Trading is not guessing, but a game of conditional scenarios, where your profit depends on your ability to weigh probabilities and act according to the plan.

🔄 "If → then" is your decision-making algorithm

1. "If the price holds the level as support" → I consider buying or a long position.

2. "If the price breaks the level and turns it into resistance" → I prepare for a short or expect further decline.

3. "If the price fluctuates in uncertainty" → I stay out of the market or reduce my position size.

🎯 Key principles

- There are no absolute predictions. There is only the optimal response to current conditions.
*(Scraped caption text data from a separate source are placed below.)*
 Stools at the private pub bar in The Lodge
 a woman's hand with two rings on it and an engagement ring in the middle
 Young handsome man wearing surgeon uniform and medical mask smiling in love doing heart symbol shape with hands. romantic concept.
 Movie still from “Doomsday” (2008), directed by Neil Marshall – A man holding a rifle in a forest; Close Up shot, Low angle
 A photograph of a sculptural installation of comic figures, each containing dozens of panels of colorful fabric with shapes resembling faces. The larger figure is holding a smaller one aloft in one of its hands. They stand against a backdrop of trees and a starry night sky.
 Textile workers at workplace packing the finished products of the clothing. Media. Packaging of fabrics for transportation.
- Market depth is determined by actions, not opinions of random people. Ignore the noise ("It will go up/down!") — such comments usually come from those who are losing money and looking for someone to blame.
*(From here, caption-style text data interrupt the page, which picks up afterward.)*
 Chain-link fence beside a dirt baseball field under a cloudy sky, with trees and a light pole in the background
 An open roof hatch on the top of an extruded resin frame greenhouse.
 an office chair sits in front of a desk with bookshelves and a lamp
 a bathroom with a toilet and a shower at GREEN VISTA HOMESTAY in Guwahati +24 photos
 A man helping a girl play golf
- Risk management is your insurance. Even with a high probability scenario, always consider: "What if I'm wrong?"

📊 How to train probabilistic thinking?

1. Record your hypotheses before entering a trade:

- "I'm buying here because..."

- "Stop-loss below the level because..."

2. Analyze mistakes. If the price went against you — was the breakout statistically significant? Or did you ignore the context?

3. Use historical data. How often has this level worked as support/resistance in the past?

💡 Professional philosophy

> "The market is a mirror of your discipline. The clearer your 'if → then' rules, the less emotion and more system in your results."

P.S. Your main asset is not predictions, but flexibility and readiness to adapt. Focus on the process, and profit will be a consequence.